Charlie Herschel picked the restaurant and it was an inspired choice. The wall murals looked down on us respectfully and amid the amber lighting and witty banter, I felt like I was in a scene from a gay Woody Allen movie. If he ever made such a thing. Dave Rubin arrived to sit in the empty seat next to me that Ben had staked out for him. We pored over the menu together, me hoping for a classy eggs benedict to balance my unkempt appearance and Rubin wanting something akin to a Denny's Grand Slam. "I just want some eggs and bacon." Simplicity is something he does very well, and I have yet to learn.

The rest of the table was filled with Ben's friends that I had never met before. There were two guys named Chris, but it was gay brunch. I think that's the law. Chirag and Al sat across from me on Ben's left and they were very nice. Charlie sat next to me with one of the Chris's on the right of him. That Chris I hardly spoke to even though (or more likely because) he was very cute. I spent more time talking to the other cute Chris who was there with Cub. I had never met Cub, but I had always liked his picture on Friendster and like Shawn Hollenback, he was one of those people that I was connected to through dozens of people but heretofore had never met.

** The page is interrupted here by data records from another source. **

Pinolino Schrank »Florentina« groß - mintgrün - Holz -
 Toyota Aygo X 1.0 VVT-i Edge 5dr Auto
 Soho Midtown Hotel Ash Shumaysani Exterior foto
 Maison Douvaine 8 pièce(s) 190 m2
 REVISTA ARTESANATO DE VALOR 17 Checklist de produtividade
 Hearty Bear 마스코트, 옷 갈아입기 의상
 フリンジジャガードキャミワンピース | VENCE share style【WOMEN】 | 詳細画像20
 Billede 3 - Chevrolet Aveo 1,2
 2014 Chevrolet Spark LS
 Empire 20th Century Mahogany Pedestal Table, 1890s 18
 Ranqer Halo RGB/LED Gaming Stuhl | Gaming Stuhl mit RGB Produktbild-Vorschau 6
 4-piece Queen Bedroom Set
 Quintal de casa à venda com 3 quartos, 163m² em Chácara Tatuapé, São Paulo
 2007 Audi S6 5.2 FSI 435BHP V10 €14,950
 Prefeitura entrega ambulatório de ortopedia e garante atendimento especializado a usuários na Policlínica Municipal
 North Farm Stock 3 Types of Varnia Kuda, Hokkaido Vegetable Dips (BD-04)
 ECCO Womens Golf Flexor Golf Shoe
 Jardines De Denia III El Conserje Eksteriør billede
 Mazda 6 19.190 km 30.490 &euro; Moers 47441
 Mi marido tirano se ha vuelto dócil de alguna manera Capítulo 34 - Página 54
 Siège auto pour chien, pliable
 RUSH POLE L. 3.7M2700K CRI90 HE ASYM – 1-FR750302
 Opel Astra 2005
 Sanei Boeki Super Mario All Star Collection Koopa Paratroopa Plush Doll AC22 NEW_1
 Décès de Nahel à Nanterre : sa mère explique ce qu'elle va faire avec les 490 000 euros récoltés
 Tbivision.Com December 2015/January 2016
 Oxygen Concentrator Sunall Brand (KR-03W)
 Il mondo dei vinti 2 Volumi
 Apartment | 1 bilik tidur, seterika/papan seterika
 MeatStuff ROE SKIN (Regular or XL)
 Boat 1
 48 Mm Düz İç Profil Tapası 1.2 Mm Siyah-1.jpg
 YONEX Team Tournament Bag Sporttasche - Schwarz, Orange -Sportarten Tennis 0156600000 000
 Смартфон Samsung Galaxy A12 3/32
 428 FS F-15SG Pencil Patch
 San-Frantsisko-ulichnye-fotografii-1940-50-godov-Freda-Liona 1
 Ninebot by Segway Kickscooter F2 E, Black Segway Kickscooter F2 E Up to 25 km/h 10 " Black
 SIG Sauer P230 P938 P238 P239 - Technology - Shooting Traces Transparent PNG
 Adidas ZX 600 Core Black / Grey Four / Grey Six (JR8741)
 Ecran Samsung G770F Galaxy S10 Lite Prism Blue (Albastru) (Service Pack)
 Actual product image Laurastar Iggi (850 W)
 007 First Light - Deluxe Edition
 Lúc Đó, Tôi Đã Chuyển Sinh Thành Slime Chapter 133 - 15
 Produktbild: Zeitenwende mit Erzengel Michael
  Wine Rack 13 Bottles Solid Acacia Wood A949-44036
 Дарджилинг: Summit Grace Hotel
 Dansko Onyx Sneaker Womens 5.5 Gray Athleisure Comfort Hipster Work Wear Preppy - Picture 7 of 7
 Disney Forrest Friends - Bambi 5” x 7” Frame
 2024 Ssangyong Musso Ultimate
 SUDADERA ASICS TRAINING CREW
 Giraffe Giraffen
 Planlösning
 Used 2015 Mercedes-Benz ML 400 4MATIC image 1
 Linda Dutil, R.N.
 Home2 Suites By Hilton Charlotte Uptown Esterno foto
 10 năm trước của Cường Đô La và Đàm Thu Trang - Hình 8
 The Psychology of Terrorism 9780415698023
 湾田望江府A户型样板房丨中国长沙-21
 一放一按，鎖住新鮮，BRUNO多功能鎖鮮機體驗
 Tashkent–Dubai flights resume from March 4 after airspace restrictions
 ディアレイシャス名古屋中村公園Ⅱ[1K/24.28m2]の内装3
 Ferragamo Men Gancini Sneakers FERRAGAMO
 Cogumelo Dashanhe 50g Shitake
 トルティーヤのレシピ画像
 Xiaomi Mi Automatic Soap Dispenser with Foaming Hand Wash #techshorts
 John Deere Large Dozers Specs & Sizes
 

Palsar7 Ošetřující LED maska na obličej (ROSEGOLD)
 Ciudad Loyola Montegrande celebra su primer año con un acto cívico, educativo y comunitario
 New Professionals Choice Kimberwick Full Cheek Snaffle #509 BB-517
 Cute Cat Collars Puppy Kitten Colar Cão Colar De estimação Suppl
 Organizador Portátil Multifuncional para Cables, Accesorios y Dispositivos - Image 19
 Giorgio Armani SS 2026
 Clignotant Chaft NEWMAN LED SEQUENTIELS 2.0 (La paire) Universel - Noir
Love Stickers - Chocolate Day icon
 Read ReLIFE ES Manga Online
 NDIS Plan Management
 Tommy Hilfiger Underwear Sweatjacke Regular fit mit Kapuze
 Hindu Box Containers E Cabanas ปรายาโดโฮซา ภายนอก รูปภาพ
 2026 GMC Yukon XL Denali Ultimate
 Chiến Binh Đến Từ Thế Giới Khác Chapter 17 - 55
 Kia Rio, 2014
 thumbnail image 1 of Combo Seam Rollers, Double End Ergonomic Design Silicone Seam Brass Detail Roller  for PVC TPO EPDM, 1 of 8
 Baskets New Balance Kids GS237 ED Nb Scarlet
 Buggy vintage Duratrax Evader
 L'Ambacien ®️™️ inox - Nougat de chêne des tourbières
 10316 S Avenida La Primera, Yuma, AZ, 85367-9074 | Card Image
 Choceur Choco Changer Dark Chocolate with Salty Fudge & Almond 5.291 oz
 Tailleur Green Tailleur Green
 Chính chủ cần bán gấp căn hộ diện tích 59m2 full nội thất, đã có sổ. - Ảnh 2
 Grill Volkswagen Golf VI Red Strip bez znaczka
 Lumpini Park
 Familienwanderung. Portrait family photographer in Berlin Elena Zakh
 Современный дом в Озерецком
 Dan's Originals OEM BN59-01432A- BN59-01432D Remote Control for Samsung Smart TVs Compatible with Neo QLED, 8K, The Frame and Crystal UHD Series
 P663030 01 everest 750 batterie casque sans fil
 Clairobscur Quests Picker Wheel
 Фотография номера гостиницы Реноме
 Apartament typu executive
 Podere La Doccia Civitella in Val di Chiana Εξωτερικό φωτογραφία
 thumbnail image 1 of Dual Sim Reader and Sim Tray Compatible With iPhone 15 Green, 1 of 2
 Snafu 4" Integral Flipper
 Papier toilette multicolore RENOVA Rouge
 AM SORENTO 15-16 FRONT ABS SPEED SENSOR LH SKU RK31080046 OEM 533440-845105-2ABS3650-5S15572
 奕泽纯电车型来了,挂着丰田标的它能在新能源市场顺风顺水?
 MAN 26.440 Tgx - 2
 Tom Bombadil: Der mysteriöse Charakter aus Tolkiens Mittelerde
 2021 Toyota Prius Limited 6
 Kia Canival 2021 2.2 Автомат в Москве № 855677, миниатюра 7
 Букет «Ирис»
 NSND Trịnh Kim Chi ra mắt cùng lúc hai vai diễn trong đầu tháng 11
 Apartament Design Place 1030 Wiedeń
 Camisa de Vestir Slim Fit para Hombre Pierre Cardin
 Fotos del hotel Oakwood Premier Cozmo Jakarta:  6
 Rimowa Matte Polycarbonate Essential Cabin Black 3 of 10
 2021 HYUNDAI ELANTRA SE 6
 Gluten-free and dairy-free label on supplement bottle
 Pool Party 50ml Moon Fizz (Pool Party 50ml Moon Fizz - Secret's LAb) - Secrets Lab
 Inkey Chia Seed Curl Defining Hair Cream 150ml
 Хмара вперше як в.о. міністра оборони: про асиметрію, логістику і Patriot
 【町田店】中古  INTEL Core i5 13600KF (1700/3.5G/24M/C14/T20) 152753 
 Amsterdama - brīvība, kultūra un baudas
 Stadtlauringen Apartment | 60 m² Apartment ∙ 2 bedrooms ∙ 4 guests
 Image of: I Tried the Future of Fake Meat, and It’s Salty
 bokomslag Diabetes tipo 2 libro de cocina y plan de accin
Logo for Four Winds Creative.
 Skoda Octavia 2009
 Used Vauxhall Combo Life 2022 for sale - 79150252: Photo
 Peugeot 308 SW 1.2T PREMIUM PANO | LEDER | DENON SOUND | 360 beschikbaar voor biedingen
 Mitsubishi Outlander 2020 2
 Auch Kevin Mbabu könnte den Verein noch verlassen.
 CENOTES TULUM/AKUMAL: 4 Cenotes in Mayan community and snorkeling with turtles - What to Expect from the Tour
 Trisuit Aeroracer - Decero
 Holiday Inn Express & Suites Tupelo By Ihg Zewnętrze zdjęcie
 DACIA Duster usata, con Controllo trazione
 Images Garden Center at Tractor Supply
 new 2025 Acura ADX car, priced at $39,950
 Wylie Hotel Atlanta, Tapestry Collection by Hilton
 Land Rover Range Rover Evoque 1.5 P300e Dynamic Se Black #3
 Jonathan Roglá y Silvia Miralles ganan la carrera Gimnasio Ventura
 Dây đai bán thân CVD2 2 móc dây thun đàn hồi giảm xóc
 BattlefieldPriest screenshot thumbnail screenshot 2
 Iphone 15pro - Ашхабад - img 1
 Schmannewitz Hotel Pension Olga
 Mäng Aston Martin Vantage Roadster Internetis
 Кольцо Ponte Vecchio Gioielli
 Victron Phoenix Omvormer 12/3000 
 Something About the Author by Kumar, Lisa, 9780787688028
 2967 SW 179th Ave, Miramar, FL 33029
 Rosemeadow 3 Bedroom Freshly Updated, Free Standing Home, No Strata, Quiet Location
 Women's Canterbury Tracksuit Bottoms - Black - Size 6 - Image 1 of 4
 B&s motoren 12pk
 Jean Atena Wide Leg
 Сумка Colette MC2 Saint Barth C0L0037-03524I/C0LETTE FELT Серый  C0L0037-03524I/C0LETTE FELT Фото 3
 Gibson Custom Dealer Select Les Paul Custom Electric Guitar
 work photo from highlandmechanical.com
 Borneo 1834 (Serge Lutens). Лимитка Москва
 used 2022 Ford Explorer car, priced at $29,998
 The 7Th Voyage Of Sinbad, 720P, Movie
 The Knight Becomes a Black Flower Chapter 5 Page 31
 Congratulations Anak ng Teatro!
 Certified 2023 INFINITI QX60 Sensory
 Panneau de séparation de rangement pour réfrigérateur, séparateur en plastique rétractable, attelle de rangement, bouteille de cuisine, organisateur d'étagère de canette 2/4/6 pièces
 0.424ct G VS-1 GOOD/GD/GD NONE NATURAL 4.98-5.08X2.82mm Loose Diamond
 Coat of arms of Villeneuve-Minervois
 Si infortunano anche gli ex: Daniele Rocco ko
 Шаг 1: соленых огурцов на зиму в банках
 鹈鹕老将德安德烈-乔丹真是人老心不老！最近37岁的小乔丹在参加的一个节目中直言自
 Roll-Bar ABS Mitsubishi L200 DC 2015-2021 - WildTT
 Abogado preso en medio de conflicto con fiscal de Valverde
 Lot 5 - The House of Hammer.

We all ordered and the food was sensational. I felt like a monster compared to the rest of the thin people at the table so decided to order the yogurt and granola, which got shrieks of delight from the table when it arrived. Charlie was particularly enamored and endeavored to chip away at it whenever I let my spoon rest for a moment. "It's delicious! And you obviously don't like it!" he declared scooping up another bit. Charlie also ordered a round of donuts for the table which were a big hit as well, prompting an immediate second round of them along with more mimosas. All of the food was delicious and I ended up stuffed beyond believe even though I had only planned to have little.

It is easy for a grown up birthday to devolve into something wistful, a longing for the past, a fear of the future. But Ben's birthday left me feeling optimistic. "Be honest with me, Matty. Will we all be wearing suspenders this fall?" I had just seen the pictures from fashion week on Andy's blog and it looked like depression era fashion was going to be all the rage: cardigan sweaters, button down shirts with the sleeves rolled up in can-do fashion, baggy trousers with suspenders to hold them up. Matty declared a thumbs up for the 1920s football player look as well, with the padded knit pullovers filling out firm torsos.

The depression era look is something I think I could get away with, so much more than an old baseball cap. For a moment, I imagined us all transported back in time. Pooling our resources for one last great meal before we headed back to the bread lines. Homo night hawks out in the muddy light of day. I wanted a cigarette, not to smoke, but to complete the scene. Instead of leaving me depressed, I find this coming depression strangely exhilarating. We don't know what the new year will bring and isn't that the exciting part? And just because my hair didn't work today that doesn't mean it won't work tomorrow, that America won't work tomorrow. Time marches on, but to me the old fixtures at Commerce shimmer like new. And so do we.


David said...

What a depressing night....

Viewtiful_Justin said...

Your writing in this post is superb. I love the extended analogy of the bad hair day, how you turned it around to say something about the economy through Fashion Week. Well done!

And the brunch sounds like it was a blast!